Work to be completed:
Take the lines below from the one with "Faux Box Topiaries with Fleur-de-lis Finials" through the one with "by Robin Hobb" and print only them, exactly. Don't print the pictures.

Data records:
•••••

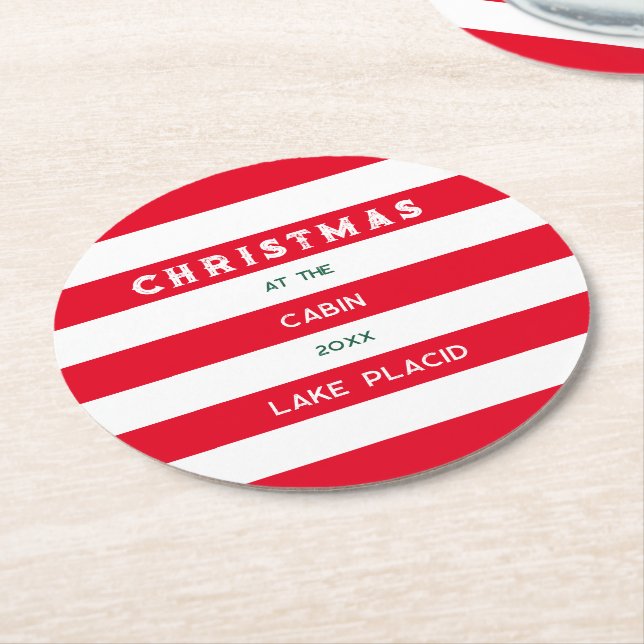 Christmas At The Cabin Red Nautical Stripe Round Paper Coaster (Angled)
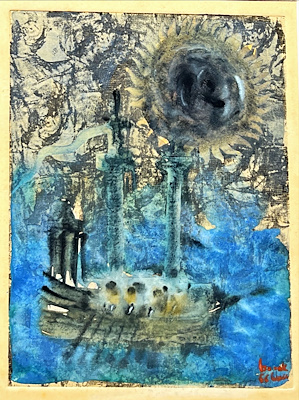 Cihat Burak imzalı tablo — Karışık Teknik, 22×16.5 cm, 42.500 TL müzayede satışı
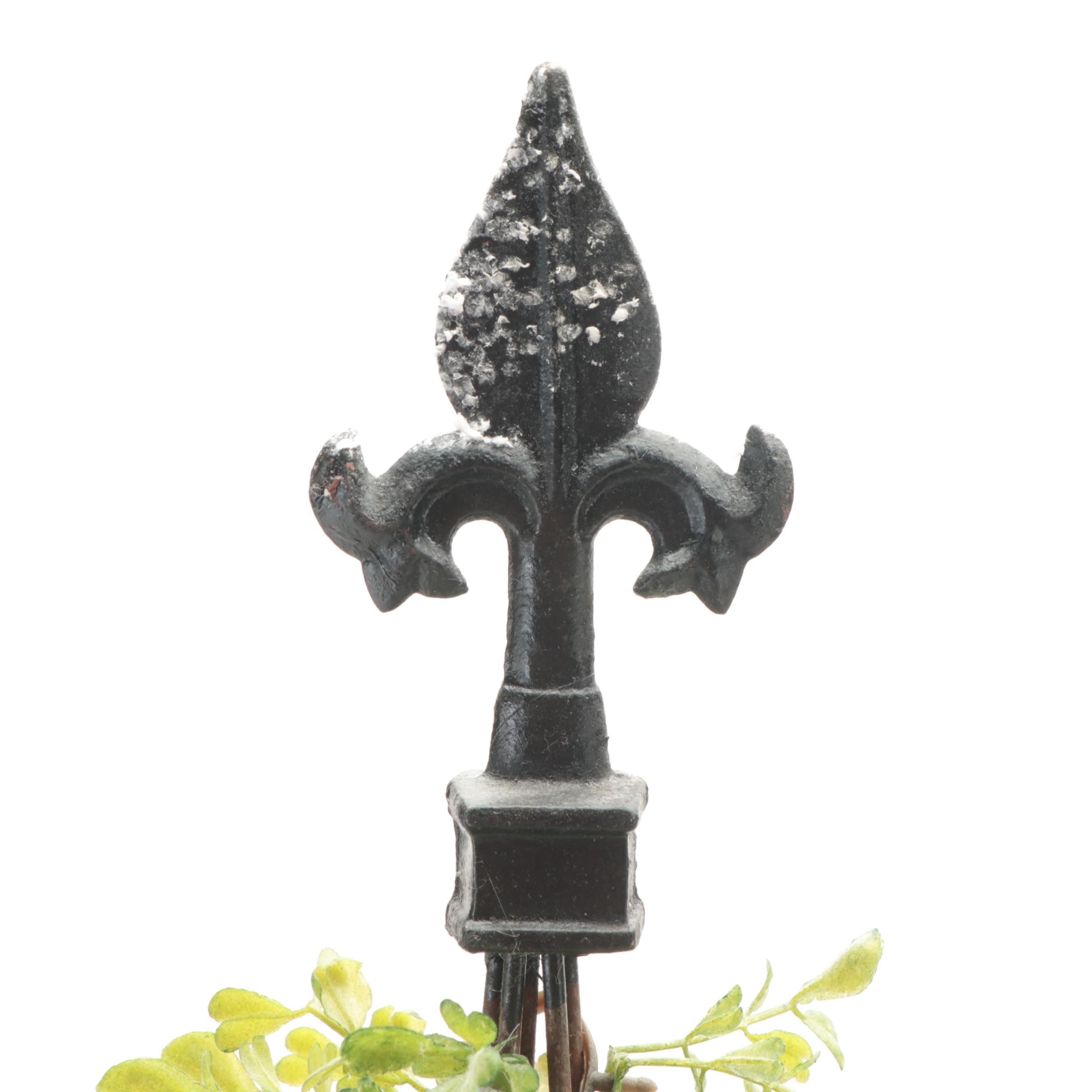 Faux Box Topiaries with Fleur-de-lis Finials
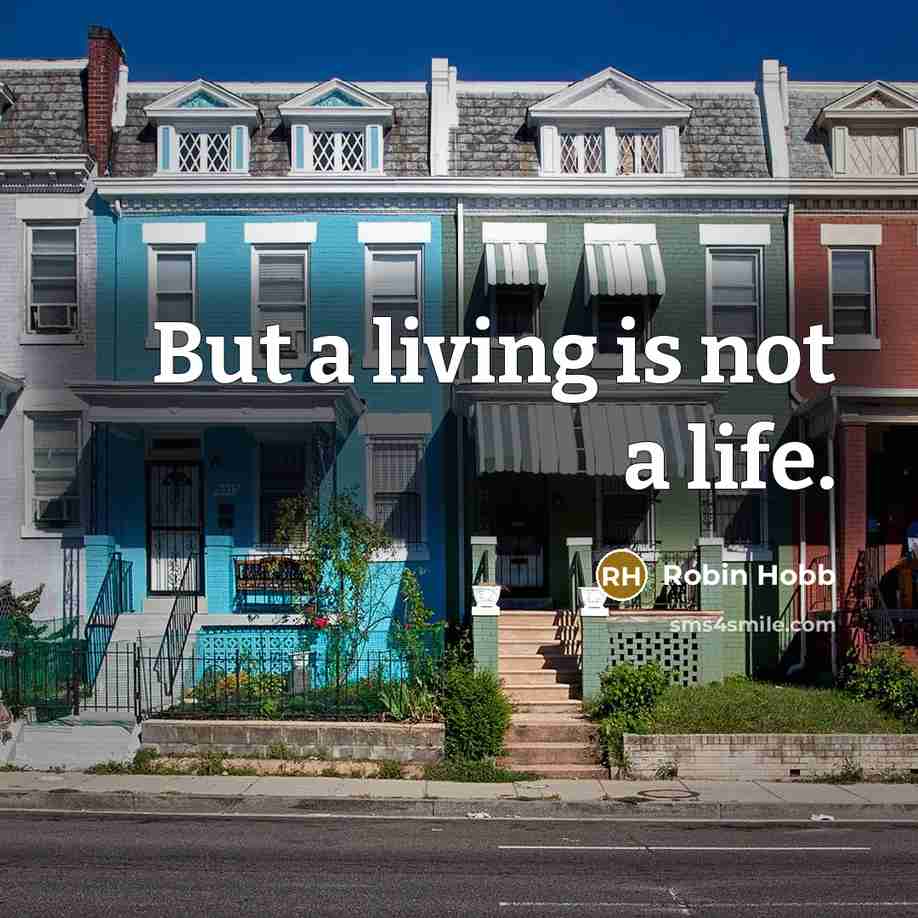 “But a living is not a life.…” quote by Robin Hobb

•••••

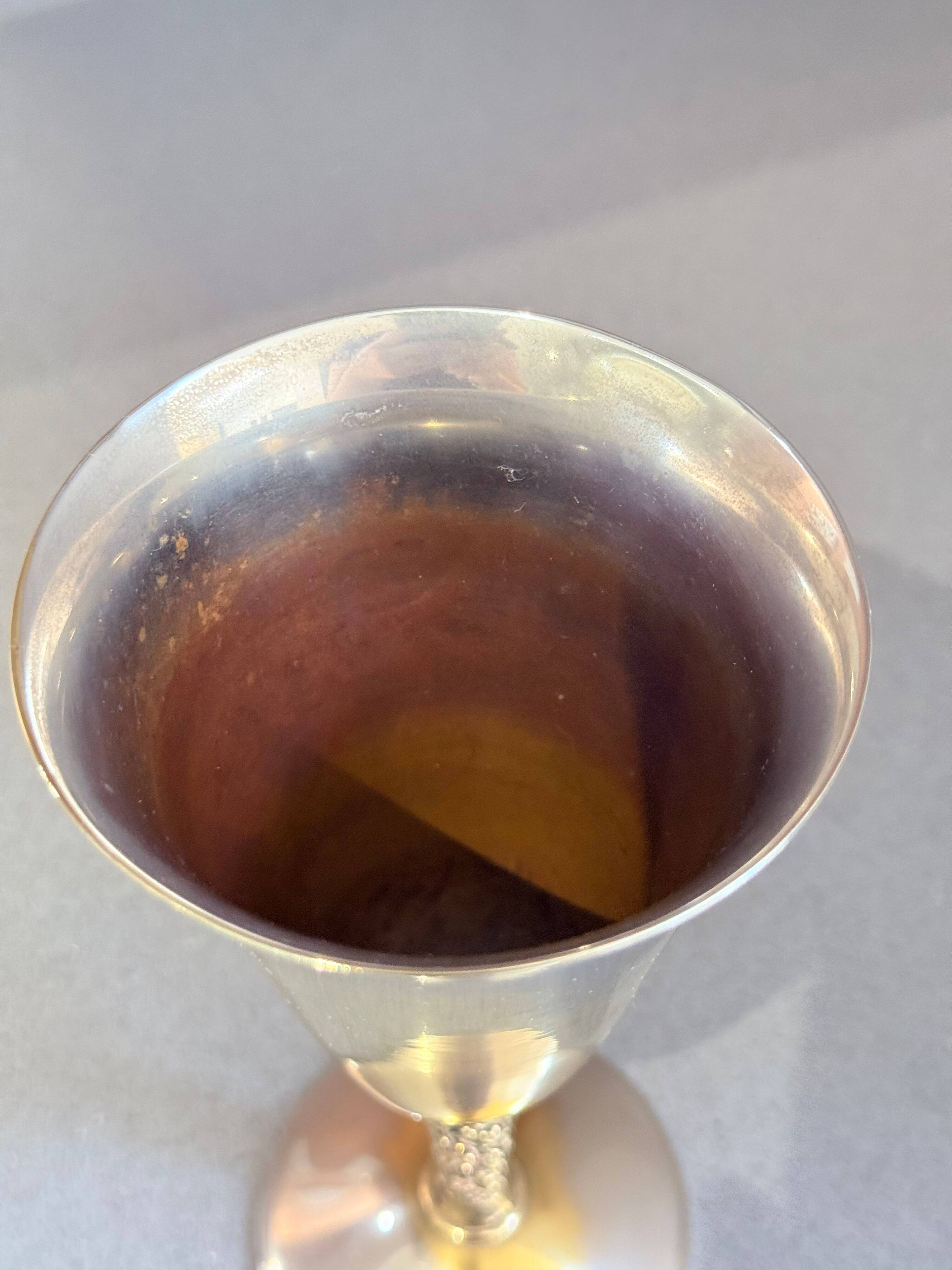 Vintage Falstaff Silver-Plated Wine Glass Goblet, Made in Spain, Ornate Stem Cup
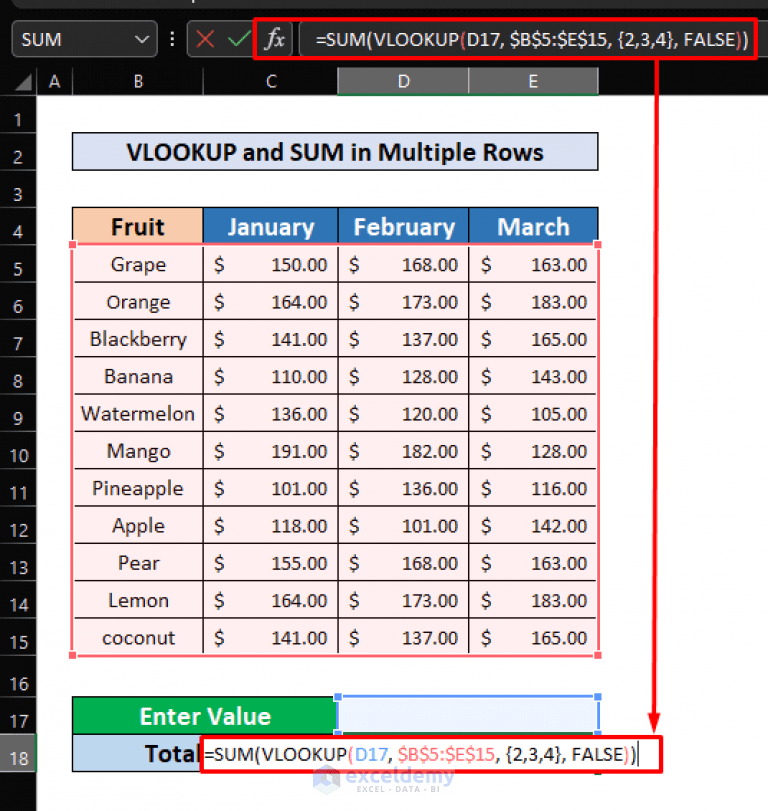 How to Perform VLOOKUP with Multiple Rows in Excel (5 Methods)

•••••

Task response:
 Faux Box Topiaries with Fleur-de-lis Finials
 “But a living is not a life.…” quote by Robin Hobb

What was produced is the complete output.